Если учесть, что жара стояла изнурительная, транспорт в пору войны работал с серьезными перебоями, а расстояния, которые приходилось Михоэлсу преодолевать, разрываясь между репетициями, заседаниями, комиссиями и спектаклями, были огромными, просто непонятно, как он вообще что‑то успевал.
И вот, по чьему‑то распоряжению, была прикомандирована к отцу старая кляча с бричкой и древним узбеком — возницей, который ежедневно ранним розовым восточным утром возвещал о своем прибытии стуком кнута в дверь: «Сулейман! Моя пришла!«Так начинался день.
Отец водружался на бричку и кляча медленно тащилась через весь город.
Среди евреев молниеносно распространился слух, что» Михоэлса можно застать по дороге». В итоге к концу пути он уже обрастал толпой.

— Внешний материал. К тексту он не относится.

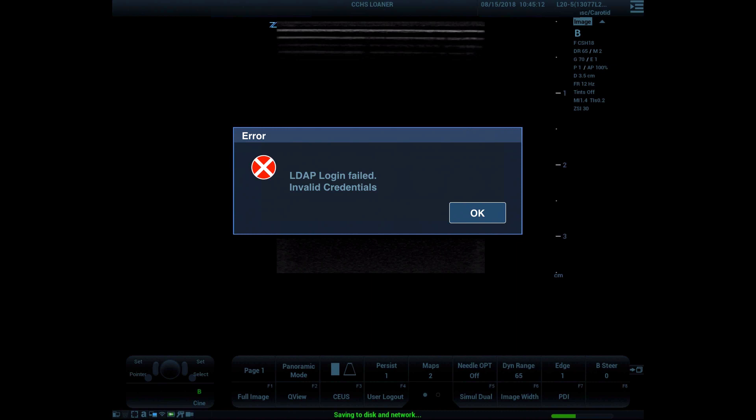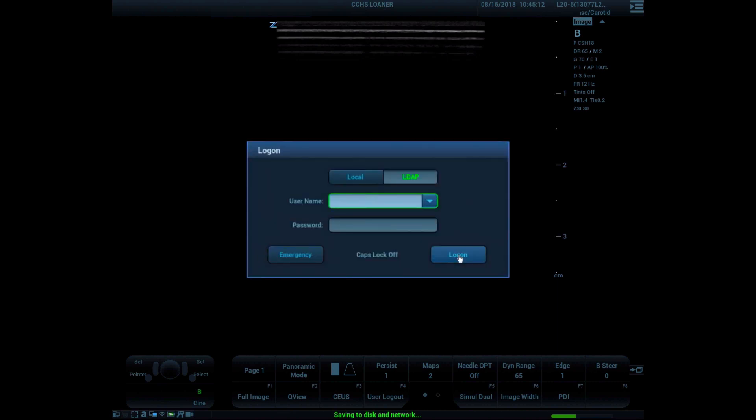If you see the error dialog box, then either you do not have access to QBATHE and ultrasound, or you typed your password wrong. If you are unable to log in, the network is down, or there is a time-critical event that requires ultrasound use, click on the emergency button to bypass personal login.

С какими только просьбами к нему не обращались! То мамаша, волоча за руку упирающегося мальчика, умоляла отца достать струну» ля», без которой ее Боренька не может продолжать занятия на скрипке; то озабоченный муж просил договориться о роддоме, чтобы жена рожала» в приличных условиях»; то просили помочь устроиться на работу; то увеличить норму продовольственной карточки и так далее. Многие подходили, чтобы поведать Михоэлсу свою историю, попросить помочь разыскать близких.
Кончилось тем, что» просители» подарили ему самодельную чернильницу — непроливайку и ручку из лучины с перышком, привязанным суровой ниткой. С тех пор он прямо на ходу записывал имена и просьбы. Недаром отец говорил о себе: «Я обвешан судьбами».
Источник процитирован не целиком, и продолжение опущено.